Dermatoosteopoikilosis; BOS; Dermatofibrosis, disseminated with osteopoikilosis; Dermatoosteopoikilosis; BOS; Dermatofibrosis, disseminated with osteopoikilosis; Dermatofibrosis lenticularis disseminata with osteopoikilosis; Osteopathia condensans disseminata See More

Categories:

Congenital and Genetic Diseases; Musculoskeletal Diseases; Skin Diseases

Summary Summary

Buschke Ollendorff syndrome (BOS) is a genetic condition of the connective tissue. Common signs and symptoms include non-cancerous skin lumps and spots of increased bone density (which can be seen on X-ray).^[1]^[2] Some people with BOS have both skin and bone symptoms, while others have one or the other. Individual cases of BOS have occurred in association with joint pain, hearing disorders (e.g., otosclerosis), congenital spinal stenosis, craniosynostosis, and nail patella syndrome.^[1]^[3] Symptoms of BOS may begin at any age, but most often present before age 20.^[3] BOS is caused by mutations in the LEMD3 gene. The mutation results in a loss of protein (also named LEMD3) that results in the excessive formation of bone tissue. It is not clear how the LEMD3 mutations cause the skin lumps or other features of BOS.^[4] BOS is inherited in an autosomal dominant fashion.^[1] Affected members of the same family can have very different symptoms.

Last updated: 3/16/2011

Symptoms Symptoms

Buschke Ollendorff syndrome (BOS) is an association of connective tissue nevi and osteopoikilosis (small, round areas of increased bone density). The nevi are typically present on the trunk, in the sacrolumbar region (lower back and sacrum), and on the extremities (arms and legs). Occasionally, they may be on the head. The nevi are usually nontender and firm,^[1] and are typically first noticeable as slightly elevated and flattened yellowish bumps, grouped together and forming plaques that may be several centimeters in diameter. The plaques are typically of irregular shape. They are usually numerous, painless, and develop over several years.^[5] The osteopoikilosis typically occurs in the long bones, wrist, foot, ankle, pelvis, and scapula. They are harmless and usually found by chance when radiographs are taken for other purposes, although pain and limited joint mobility have been reported in some individuals.^[2] In some individuals, only skin or bone manifestations may be present.^[5]

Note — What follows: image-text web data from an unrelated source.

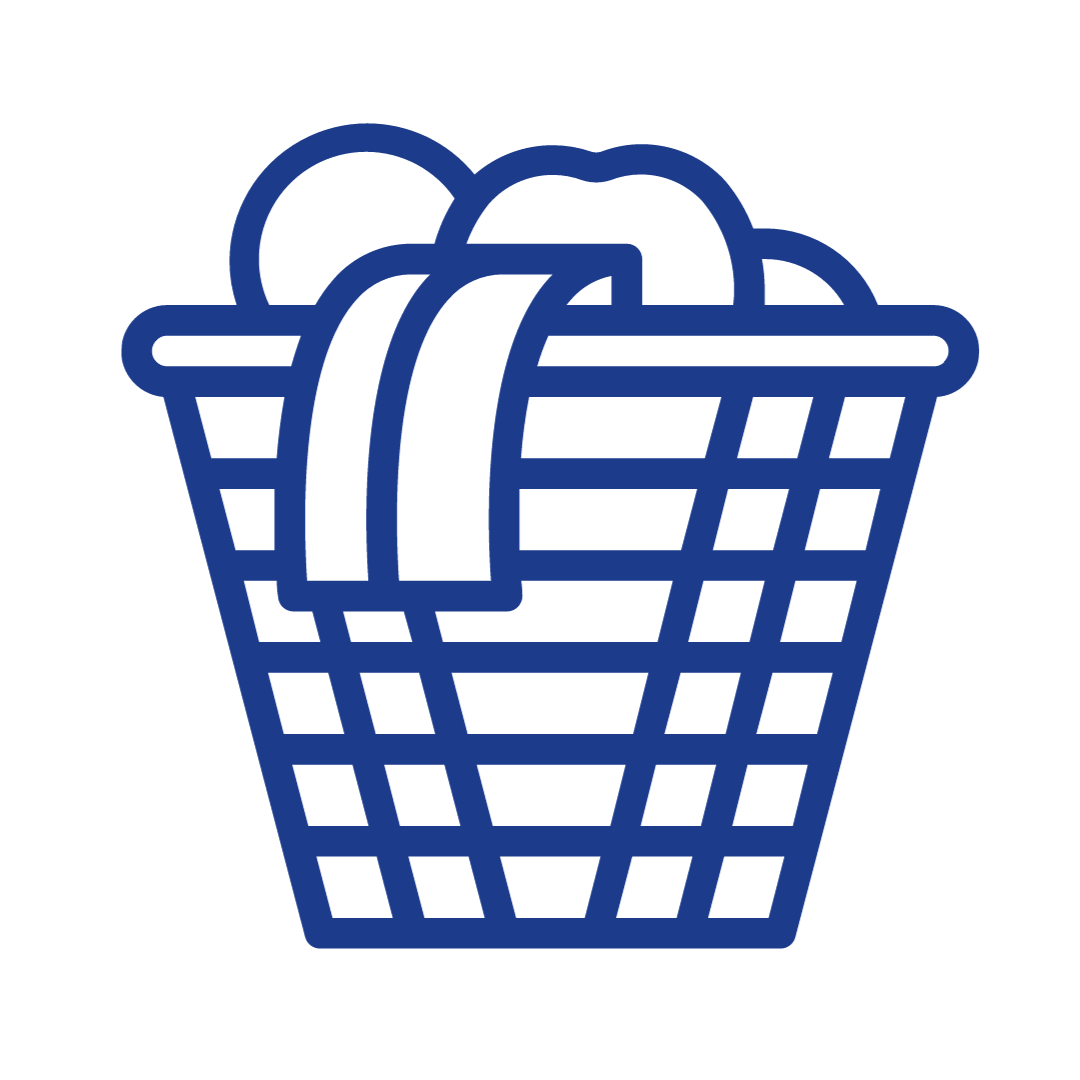 Comment on stocke les couches en attendant de les laver ? | Tohu Bohu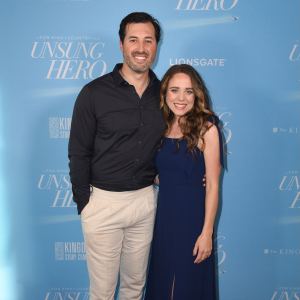 Jeremy Vuolo Admits Duggar Courtship Rules Took Getting Used to feature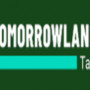 taxitotomorrowlandfestival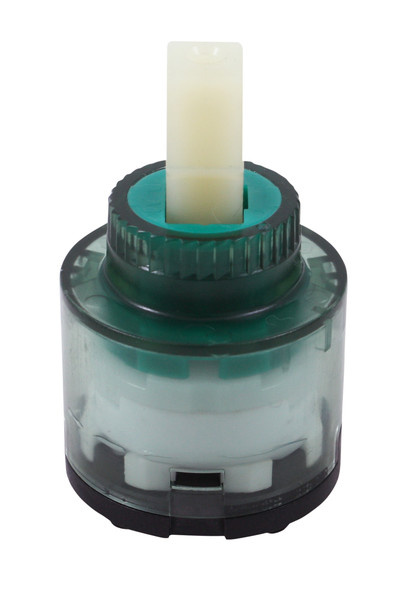 Slezák-RAV: Kartuš keramická nízká ECO KA3502E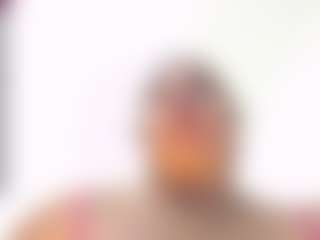 Lexy-bbw's Live Sex Cam Show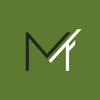 Avatar of Morais&Faria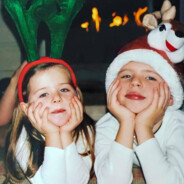 风陵渡口初相遇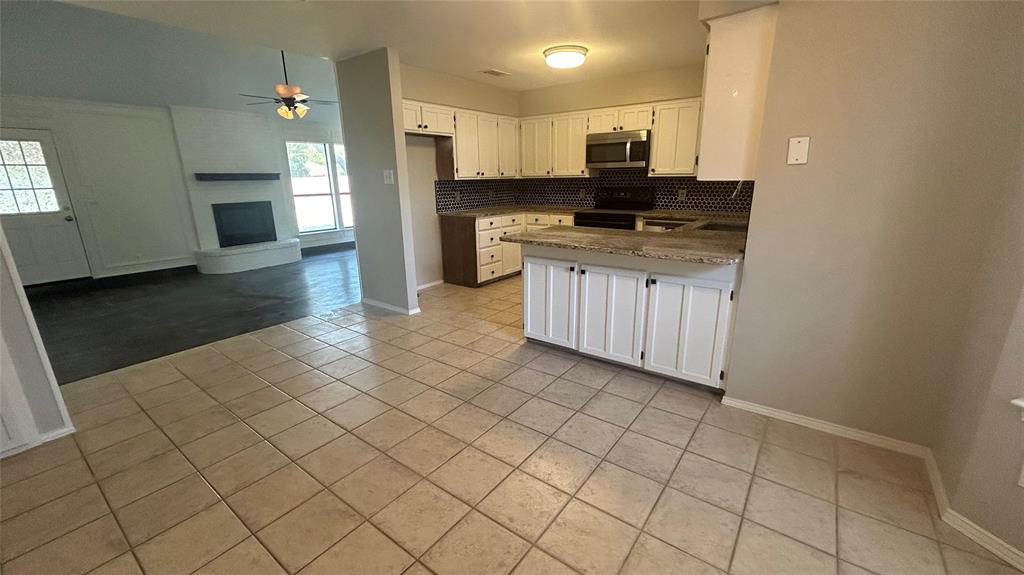 Summerfields Add - Residential Lease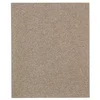 KWB fin brusni papir (drvo-lak) GR120, 230x280, za finu obradu ( KWB 49840120 )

Other signs and symptoms of BOS may include nasolacrimal duct obstruction, amblyopia ("lazy eye"), strabismus, benign lymphoid hyperplasia, hypopigmentation (abnormally light skin), and short stature. Congenital spinal stenosis (narrowing of the spine), disc herniation, clubfoot deformity, and nerve root compression may be present. Otosclerosis (abnormal growth of bone in the middle ear) with or without hearing loss may occur, but is rare.^[5]

Last updated: 3/16/2011

This table lists symptoms that people with this disease may have. For most diseases, symptoms will vary from person to person. People with the same disease may not have all the symptoms listed. This information comes from a database called the Human Phenotype Ontology (HPO) . The HPO collects information on symptoms that have been described in medical resources. The HPO is updated regularly. Use the HPO ID to access more in-depth information about a symptom.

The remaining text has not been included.